One of the reasons I describe this as an honest book is because of the way he describes the whole 'Paddy Pantsdown' incident. It's not easy for anyone to write about painful personal issues, especially issues which must have been devastating to one's nearest and dearest. But he does so movingly and with candour. It is to my eternal shame that at Politico's we used to have a set of political lingerie with political slogans across the front. It's not often in my life that I have felt an inch tall, but I remember running the bookstall at the LibDem conference many years ago and Jane Ashdown came by and saw one of pairs of knickers with "Paddy Pantsdown" on the front. She was not impressed. I was crimson with embarrassment. When I got back to the shop I threw away the remaining stock.
Jane Ashdown is one of the heroes of the book. She clearly had to put up with a lot - moving from place to place, her husband's seemingly deranged ambitions to become a Liberal MP in a seat the Tories had held for seventy years and the fact that his work constantly took him away from her. But it is clear that he could have achieved none of it without her.
I don't normally like reading about politicians' childhoods or pre politics careers, but in Paddy's case, these were the best parts of the book. Many of the chapters read like a thriller, with great tales of daring-do. His description of the cameraderie and loyalty which run through every vein of his service career was something which many of us in the political world would do well to draw a lesson from.
Several LibDem friends point to the chapters on winning Yeovil as the most enjoyable of the book. And indeed, they give a great lesson in perseverance and doggedness that any candidate in a marginal seat must have if they are to win through.
The final part of the book is devoted to his three years as Imperial Ruler (I jest) of Bosnia.
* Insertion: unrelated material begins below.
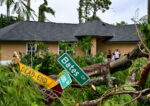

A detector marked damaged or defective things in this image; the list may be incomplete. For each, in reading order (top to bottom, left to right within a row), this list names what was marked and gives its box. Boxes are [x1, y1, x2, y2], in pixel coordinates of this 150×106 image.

bent sign pole [19, 63, 57, 89]
bent sign pole [57, 53, 89, 85]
The horrors he witnessed during the Balkan wars had a great effect on him, and his bravery in visiting the region on several occasions, when his life was clearly in danger, may have seemed cavalier and foolhardy to some. But these visits gave him a clear hinterland when he was appointed to oversee the government of Bosnia. It is a shame that in the end he was never given the chance to repeat the experience in Afghanistan.
So, as you can see, I have absolutely no hesitation in recommending Paddy Ashdown's autobiography. It is a cracking read and will no doubt be one of my books of the year.
Buy it HERE.
I first saw Jeremy in action at a British Aerospace AGM, in 1982 or 1983. He was then the prospective Liberal candidate. He was very impressive, and ran rings round the Chairman, Sir Austin Pearce.
ReplyDeleteMy mother-in-law was living in the Yeovil constituency at the time, and said that he was doing a very good job there. She pegged him then as probably overturning the natural Tory majority.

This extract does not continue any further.